**TASK DETAILS:**
Reproduce exactly the line that contains "Mercedes-Benz CLS-Class 2015" and every line after it through the end of the records below, leaving out all pictures.
*** Opening RECORDS SUPPLIED ***
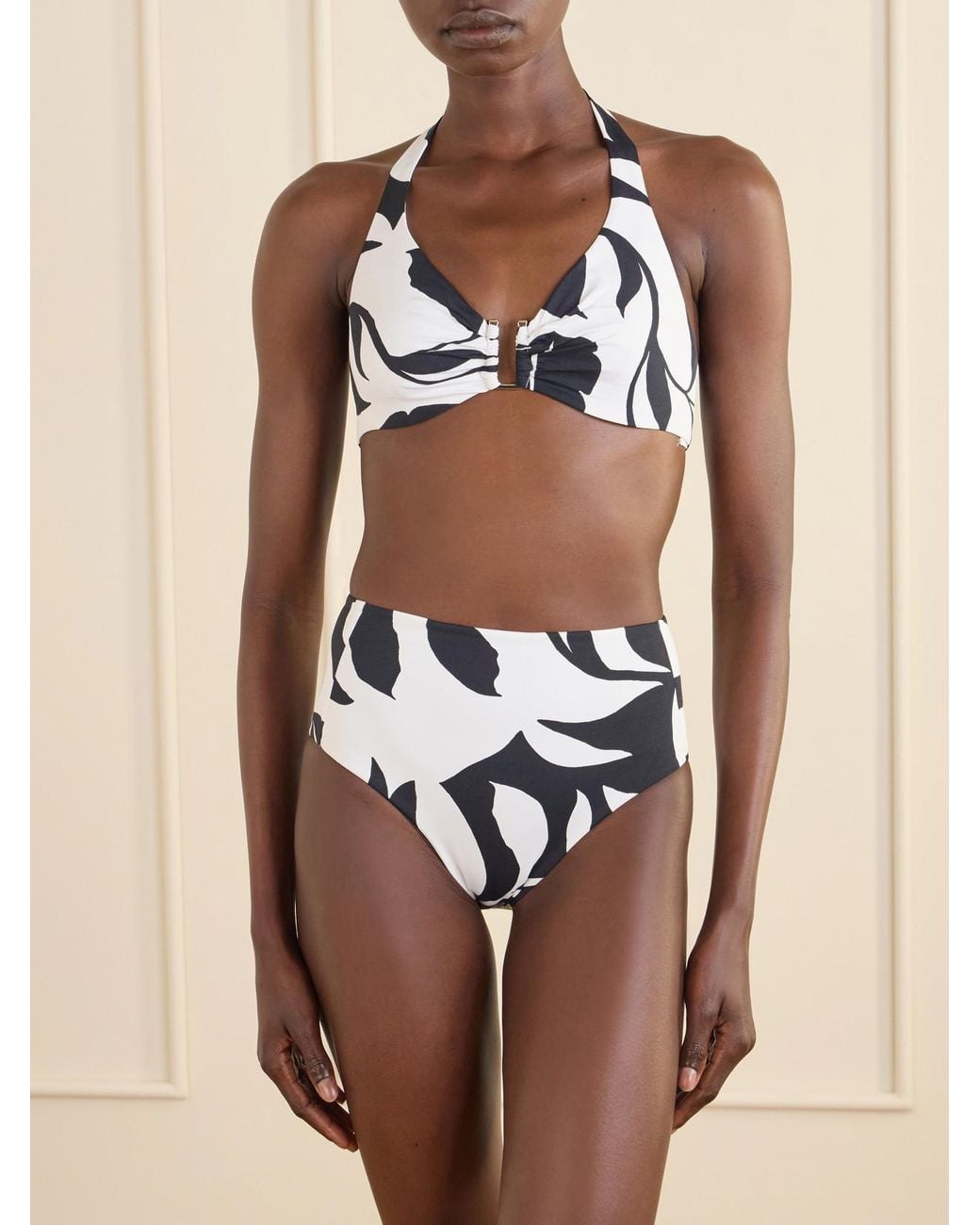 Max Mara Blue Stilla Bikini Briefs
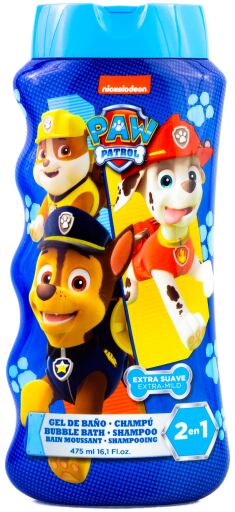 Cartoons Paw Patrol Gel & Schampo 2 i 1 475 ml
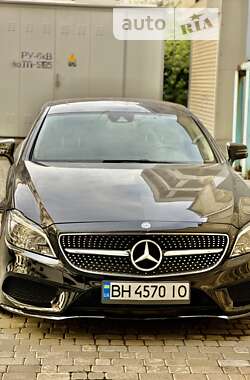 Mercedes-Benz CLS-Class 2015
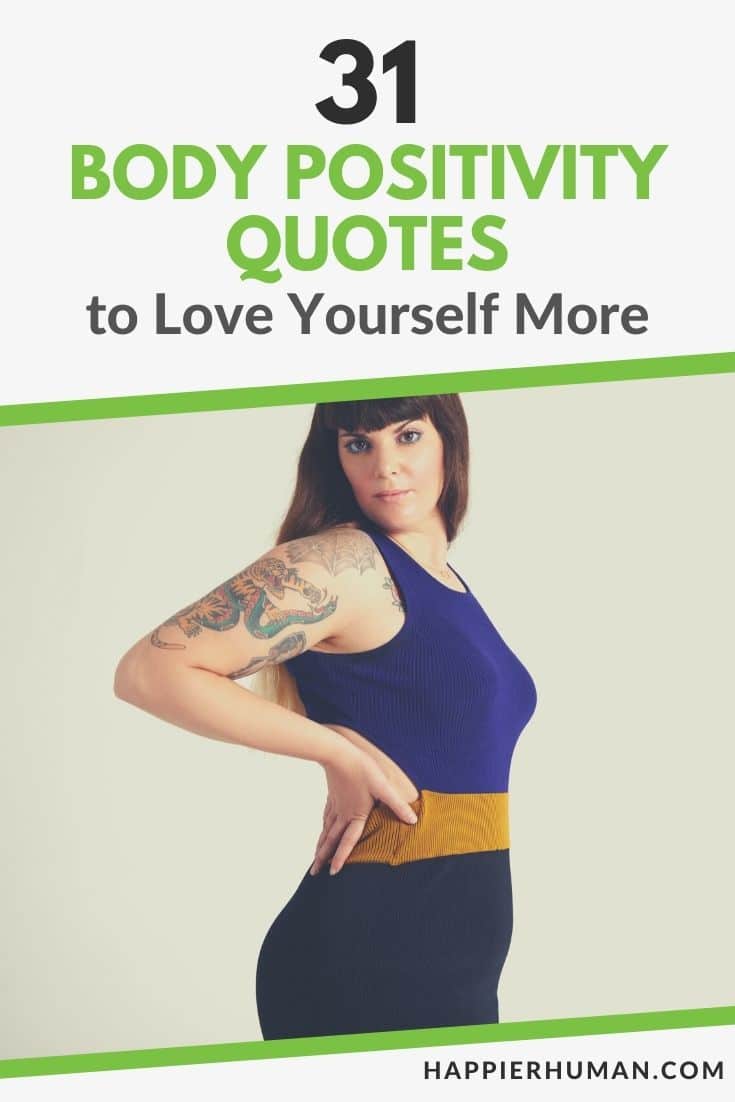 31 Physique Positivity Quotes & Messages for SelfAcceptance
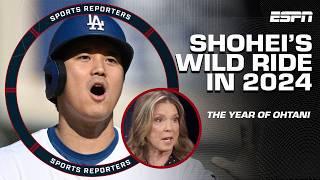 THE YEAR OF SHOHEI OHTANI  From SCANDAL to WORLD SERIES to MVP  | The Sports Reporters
*** Closing RECORDS SUPPLIED ***
**ANSWER TO THIS PROBLEM:**
 Mercedes-Benz CLS-Class 2015
 31 Physique Positivity Quotes & Messages for SelfAcceptance
 THE YEAR OF SHOHEI OHTANI  From SCANDAL to WORLD SERIES to MVP  | The Sports Reporters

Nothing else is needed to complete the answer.